CoMeD Challenges U.S. Government on Mercury in Vaccines
WASHINGTON, Oct. 3, 2011 /PRNewswire-USNewswire/ -- CoMeD – As vaccine safety advocates prepare for United Nations (U.N.) negotiations to develop a global legally binding instrument on mercury, the Coalition for Mercury-Free Drugs (CoMeD), a grassroots coalition of physicians, researchers and parents, is challenging U.S. policy that sanctions the use of mercury (Thimerosal) in vaccines and other drugs. The negotiations, to be held Oct. 31 through Nov. 4 in Nairobi, Kenya, seek to improve controls on environmental and medicinal uses of mercury.
At a D.C. stakeholders meeting at the U.S. State Department on August 18, 2011, CoMeD took issue with its filing of an anonymous document, "Scientific Information Regarding the Use of Thimerosal As a Preservative in Vaccines" with the U.N., which claimed that this use of Thimerosal in vaccines is "safe" and "effective".

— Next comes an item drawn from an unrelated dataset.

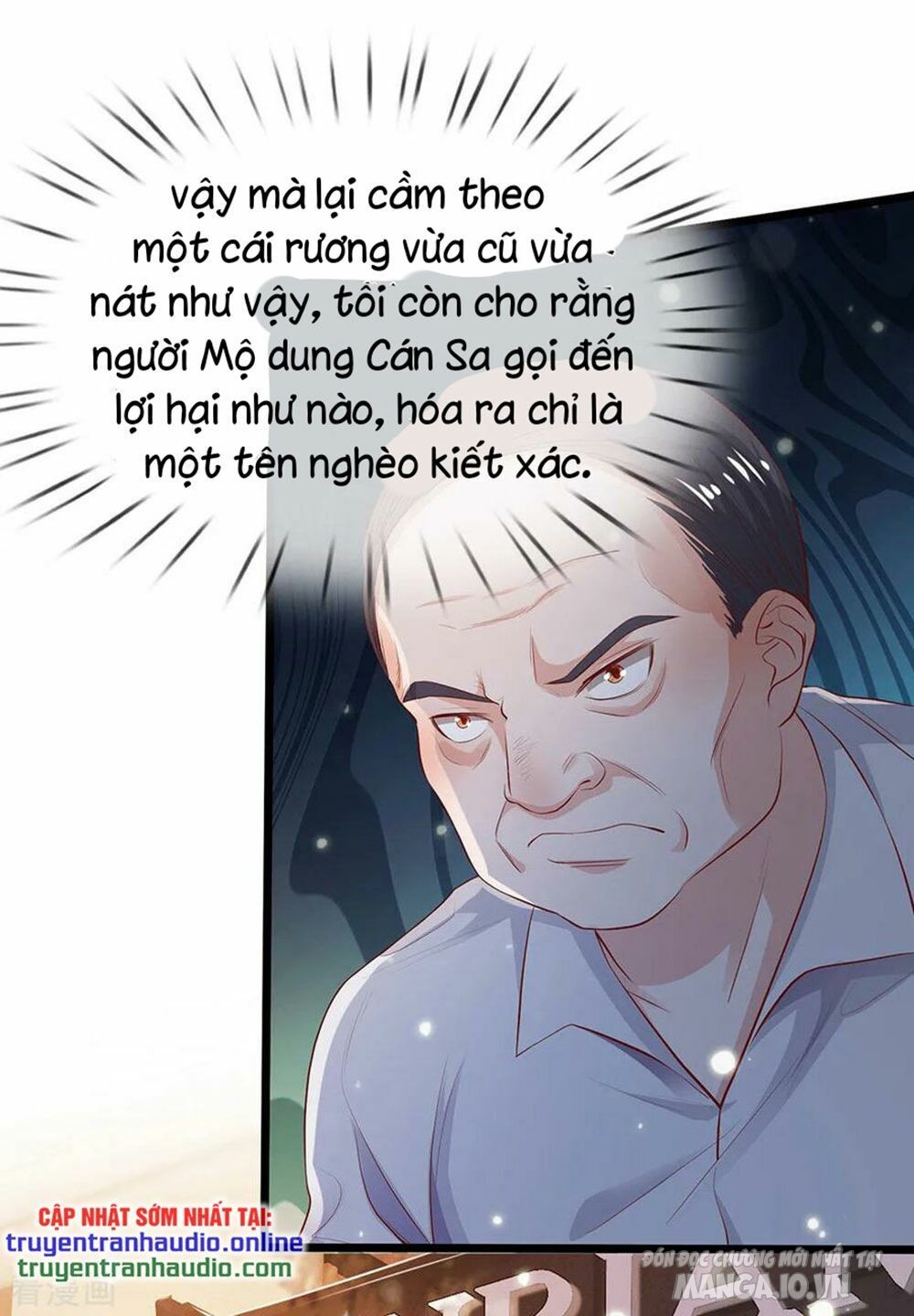 Ngạo Thị Thiên Địa Chapter 230 - Trang 2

"You're telling me that a substance so toxic it is illegal to put it on your skin, is somehow safe for injection into pregnant women and children at the same level?" asked Rev. Lisa Sykes, CoMeD's President.
In response to the U.S. government's continuing refusal to recognize Thimerosal as a neurodevelopmental toxin, CoMeD submitted its science-supported response, "A Reconsideration of Fact," to the U.N., demonstrating that the U.S. has: a) provided little scientifically sound information and b) made unfounded and dangerous claims regarding Thimerosal's safety for use as a "preservative" in vaccines.
The issue of mercury in vaccines and other drugs has increasingly become a focus of these U.N. Negotiations, because, as Dr. Mark Geier declared at the State Department meeting, "Most developed countries are removing Thimerosal from all of their vaccines, while developing countries continue to be supplied with mercury-containing vaccines."
While the U.S. and some other developed nations continue to defend the use of Thimerosal, the African Group within the U.N. Treaty Negotiations has declared: "The use of mercury in pharmaceutical products where alternatives exist should also be prohibited. Existing stocks should not be sold to the developing world."
On behalf of the United Methodist Church, Harriett Olson, Deputy General Secretary of the Women's Division of the United Methodist Church, stated for the record: "To safeguard all persons from the unnecessary and often undisclosed administration of a known neurotoxin and carcinogen through their medicines is a cause worthy of both the faith community and the diplomatic body which gathers to write a global legally binding instrument on mercury."